Tag Archives: Isaac Hernández

Rude Awakening

Dreams

by Hope Madden

Early in Dreams, Michel Franco’s latest, a wealthy white guy at a board meeting says, “Why Mexicans? Isn’t there anybody here we can help?”

It’s a pristine boardroom, just the questioning Jake McCarthy (Rupert Friend), speaking to his benevolent father (Marshall Bell), and his philanthropic sister, Jennifer (Jessica Chastain). She gives him a playfully annoyed shake of the head, hands him a dossier to sign, and promises her “little projects” are all tax write offs. She and her father share a “what are we going to do with this guy?” smile and roll of the eyes.

Franco’s film is not subtle.

Chastain cuts an elegant figure, Franco’s cinematographer Yves Cape lingering over every meticulous ensemble, fetishizing each pair of impossible heels. She never smiles. There’s a hand ready to help her out of every vehicle as its door opens for her. She has never a hair out of place.

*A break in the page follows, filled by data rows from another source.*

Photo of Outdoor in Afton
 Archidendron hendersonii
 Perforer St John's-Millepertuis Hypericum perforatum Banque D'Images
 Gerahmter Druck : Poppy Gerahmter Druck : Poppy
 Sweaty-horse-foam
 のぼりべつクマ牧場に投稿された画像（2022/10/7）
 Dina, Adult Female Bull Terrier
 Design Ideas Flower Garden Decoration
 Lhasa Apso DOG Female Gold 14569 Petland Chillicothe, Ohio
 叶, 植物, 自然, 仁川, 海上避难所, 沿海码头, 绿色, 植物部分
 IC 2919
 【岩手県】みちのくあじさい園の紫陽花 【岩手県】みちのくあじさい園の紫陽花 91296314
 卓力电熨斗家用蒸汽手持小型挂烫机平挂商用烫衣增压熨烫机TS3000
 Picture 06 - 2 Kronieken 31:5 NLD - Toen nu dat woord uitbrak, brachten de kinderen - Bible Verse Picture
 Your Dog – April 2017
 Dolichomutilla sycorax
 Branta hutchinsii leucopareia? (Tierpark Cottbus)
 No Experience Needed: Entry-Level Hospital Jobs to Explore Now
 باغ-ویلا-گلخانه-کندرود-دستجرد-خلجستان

Except when she’s having energetic sex with Fernando (Isaac Hernández), the talented ballet dancer who’s just crossed the border and most of the US on his own to be with her.

The erotic thriller’s psychosexual politics are eye-catchingly surface level, with a heavy-handed examination of the American Dream driving the action. The role reversal—that the wealthy philanthropist is a woman and the beautiful ballet dancer in distress is a man—allows Franco provocative opportunities.

One of the most interesting things about Franco’s films, including Memory, also starring Chastaine, and 2022’s Sundown, is that, at just past the halfway mark, each becomes an entirely different film.

Dreams follows that path as well, although with less satisfying results.

Like Memory, Dreams considers power and consent in sexual relationships, and again, the latter film comes up shorter. Dreams seems more obviously built to provoke, more relentlessly opposed to choosing a side.

That feels less provocative and more irresponsible here. Whether, in the final image on the screen, we are expected to see the evil of privilege or the righteous glare of vengeance, what’s important to note is that no white men were harmed in the making of this film.